The growing neural gas (GNG) is an unsupervised topology learning algorithm that models a data space through interconnected units that stand on the most populated areas of that space. Its output is a graph that can be visually represented on a two-dimensional plane, disclosing cluster patterns in datasets. It is common, however, for GNG to result in highly connected graphs when trained on high-dimensional data, which in turn leads to highly cluttered 2D representations that may fail to disclose meaningful patterns. Moreover, its sequential learning limits its potential for faster executions on local datasets, and, more importantly, its potential for training on distributed datasets while leveraging from the computational resources of the infrastructures in which they reside.

This paper presents two methods that improve GNG for the visualization of cluster patterns in large-scale and high-dimensional datasets. The first one focuses on providing more accurate and meaningful 2D visual representations for cluster patterns of high-dimensional datasets, by avoiding connections that lead to high-dimensional graphs in the modeled topology which may, in turn, result in overplotting and clutter.

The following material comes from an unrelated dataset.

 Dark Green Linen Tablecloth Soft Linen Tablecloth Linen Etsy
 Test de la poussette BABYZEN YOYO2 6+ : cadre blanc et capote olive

The second method presented in this paper enables the use of GNG on big and distributed datasets with faster execution times, by modeling and merging separate parts of a dataset using the MapReduce model.

Quantitative and qualitative evaluations show that the first method leads to the creation of lower-dimensional graph structures that provide more meaningful (and sometimes more accurate) cluster representations with less overplotting and clutter; and that the second method preserves the accuracy and meaning of the cluster representations while enabling its execution in large-scale and distributed settings.